→ **WHAT THE TASK REQUIRES**
Could you set down exactly the lines in the records below between the line holding "Close-up of a group of birds" and the line holding "白蟻站:土棲白蟻是筑巢于土中的群體很大的一類(lèi)白蟻", inclusive?

== DATA EXCERPTS

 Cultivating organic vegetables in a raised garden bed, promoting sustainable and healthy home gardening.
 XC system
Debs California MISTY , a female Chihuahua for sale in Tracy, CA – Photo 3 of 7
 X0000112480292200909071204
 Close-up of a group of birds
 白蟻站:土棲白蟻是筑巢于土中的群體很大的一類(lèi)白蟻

====
== DATA EXCERPTS

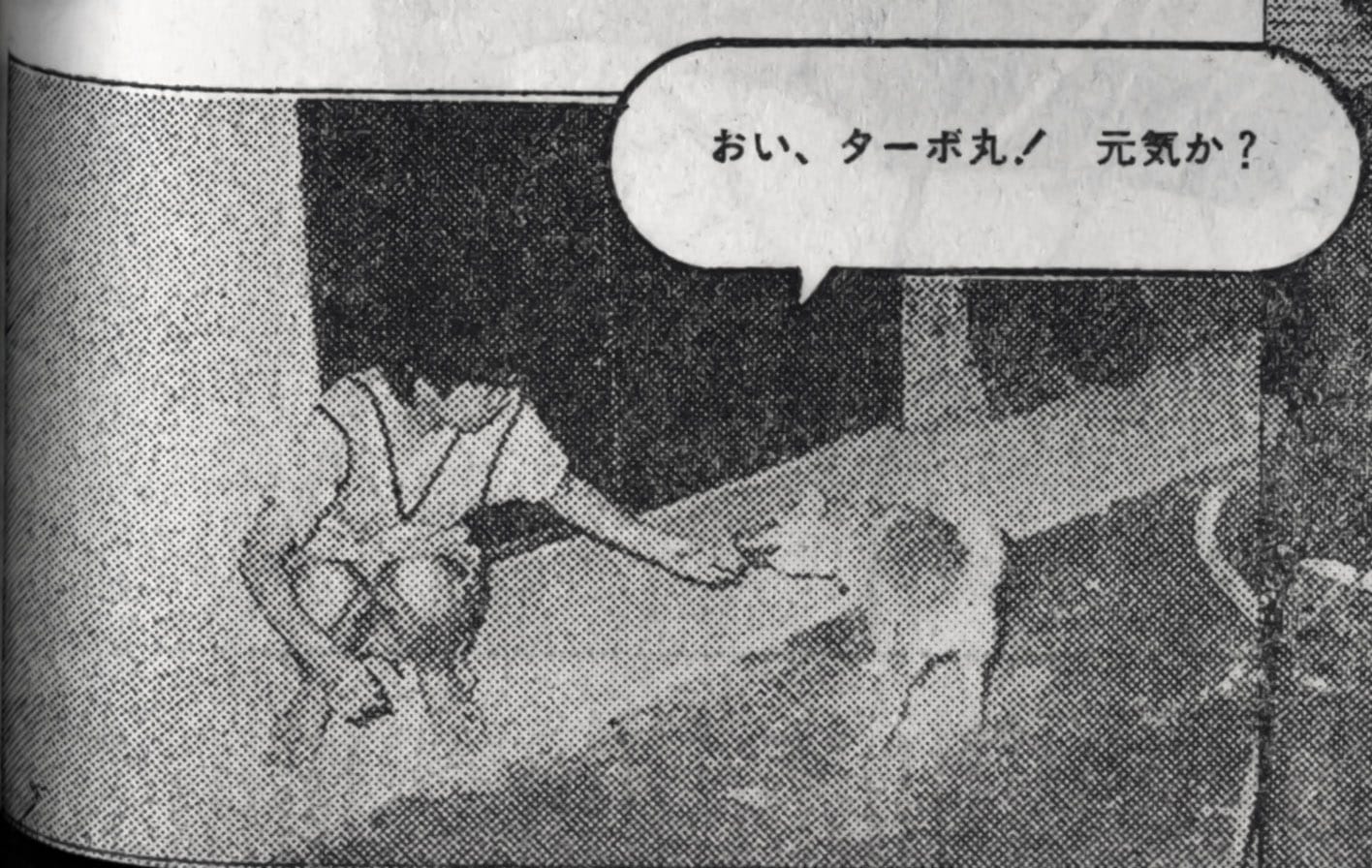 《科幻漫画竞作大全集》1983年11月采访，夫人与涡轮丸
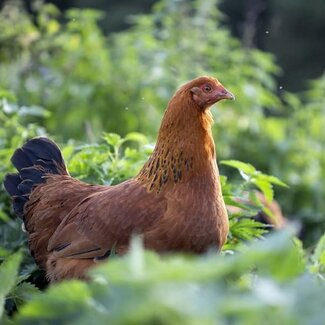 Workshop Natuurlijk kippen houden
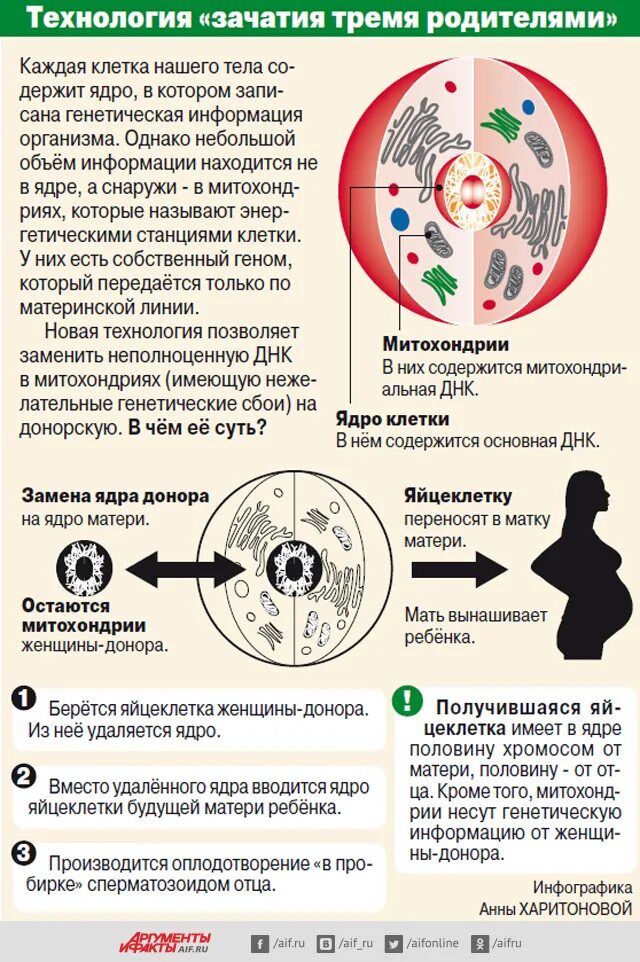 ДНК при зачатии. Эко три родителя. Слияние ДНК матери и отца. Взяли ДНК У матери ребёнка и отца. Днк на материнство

====
== DATA EXCERPTS

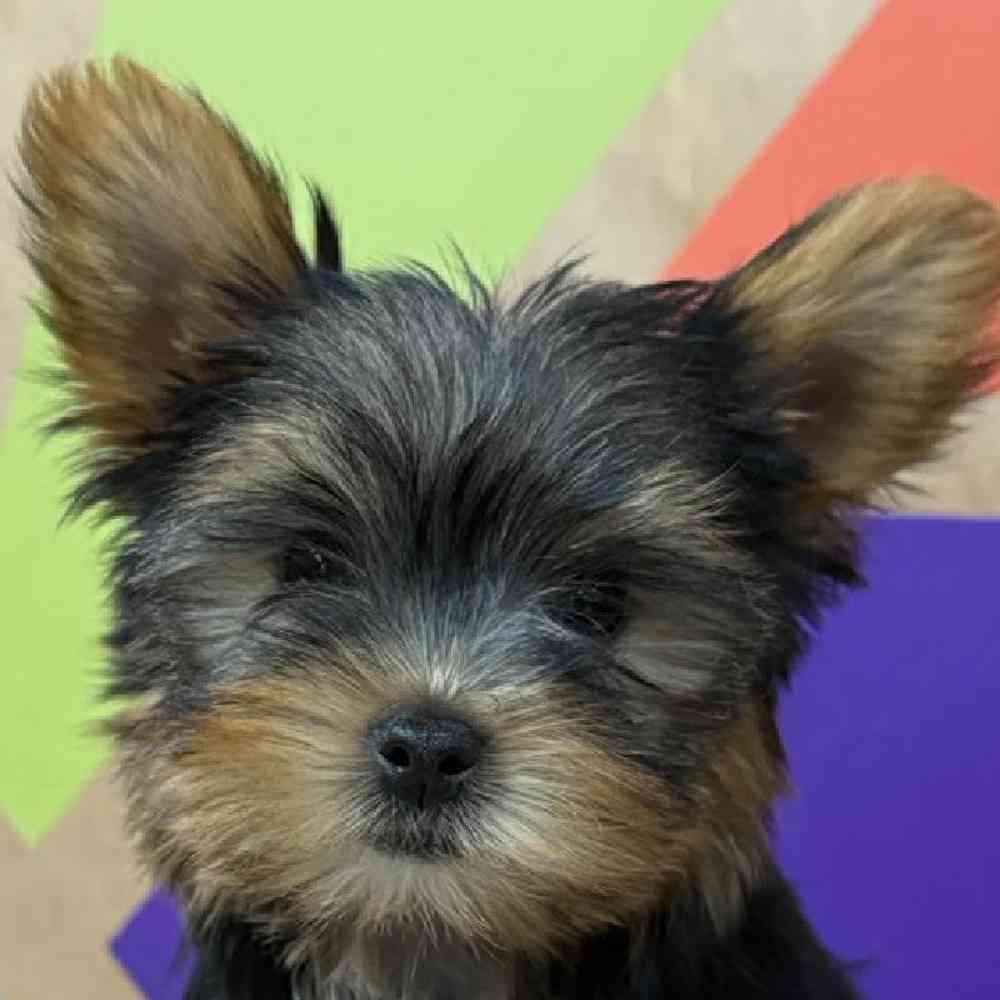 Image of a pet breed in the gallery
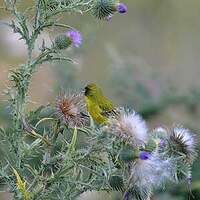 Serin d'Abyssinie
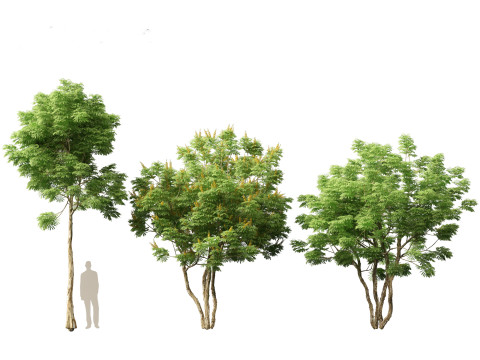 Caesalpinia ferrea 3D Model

====

→ **RESPONSE**
 Close-up of a group of birds
 白蟻站:土棲白蟻是筑巢于土中的群體很大的一類(lèi)白蟻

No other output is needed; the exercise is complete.